= Beginning of Section =
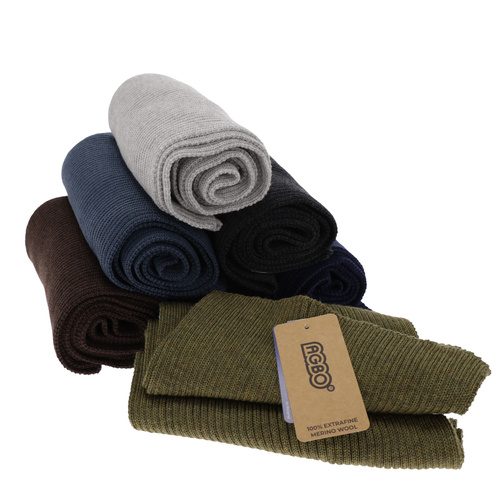 Šátek zimný pánsky modrý 100% extrafine merino vlnený Brayan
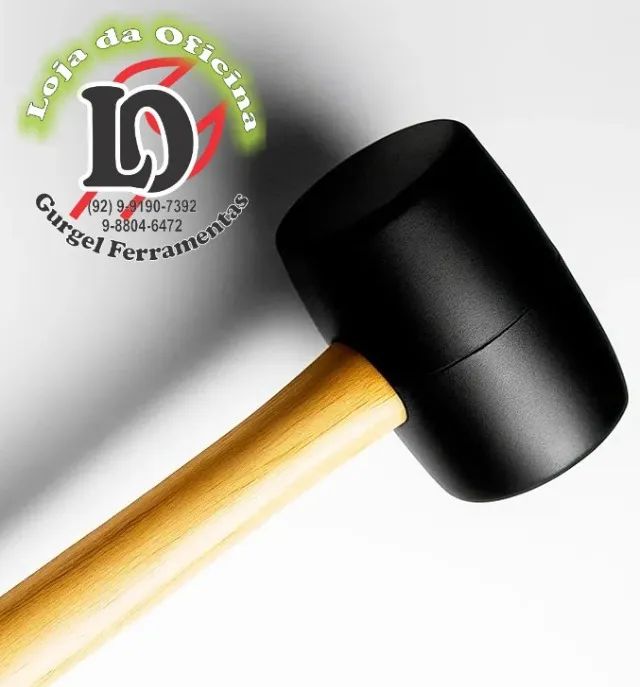 Martelo borracha 80mm 850 cabo madeira - Bremen-BMN7771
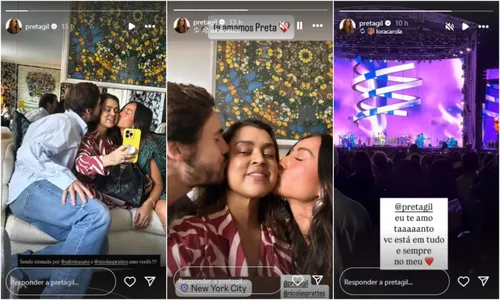 
				
					Preta Gil é 'mimada' por Sabrina Sato e Nicolas Prattes em visita
				
				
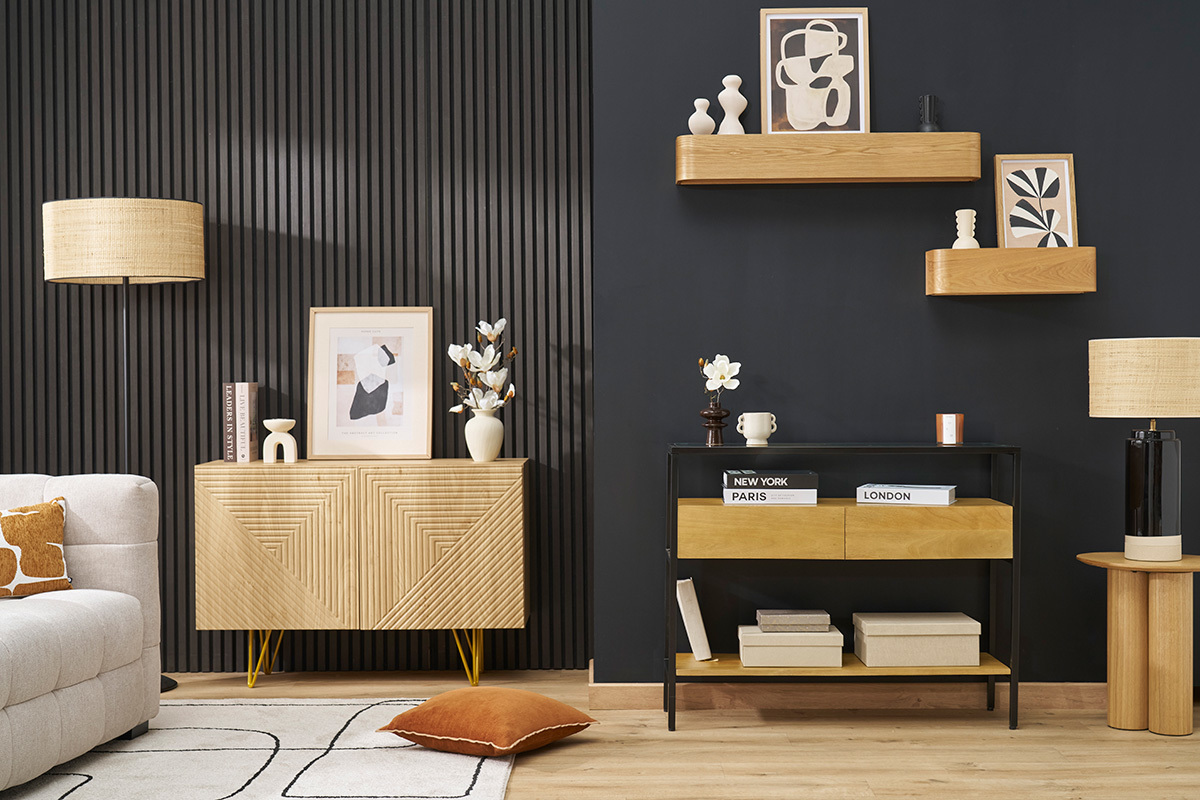 Console en bois manguier massif et plateau en verre 2 tiroirs L100 cm SITA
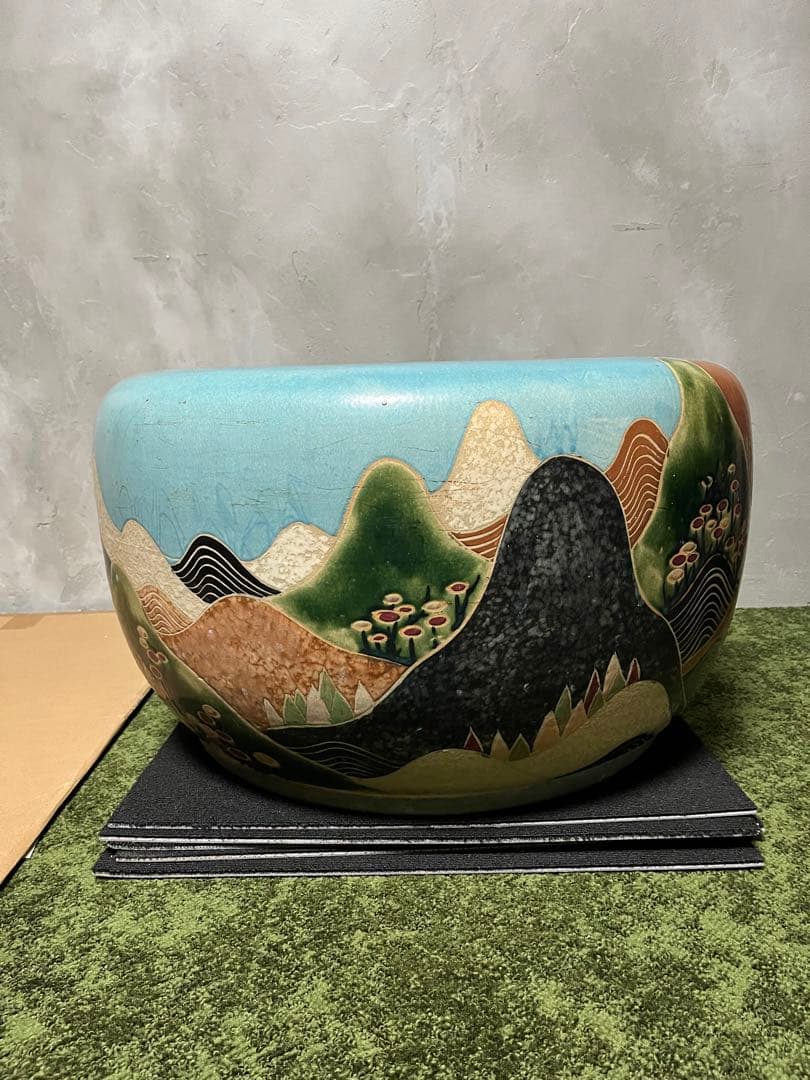 絵柄　火鉢　大型　風景　かめ　陶器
= End of Section =
Do not include pictures. Copy only the lines running from the line with "Preta Gil é" through the last line of the records, exactly as they appear.

## Answer for this exercise
					Preta Gil é 'mimada' por Sabrina Sato e Nicolas Prattes em visita
				
				
 Console en bois manguier massif et plateau en verre 2 tiroirs L100 cm SITA
 絵柄　火鉢　大型　風景　かめ　陶器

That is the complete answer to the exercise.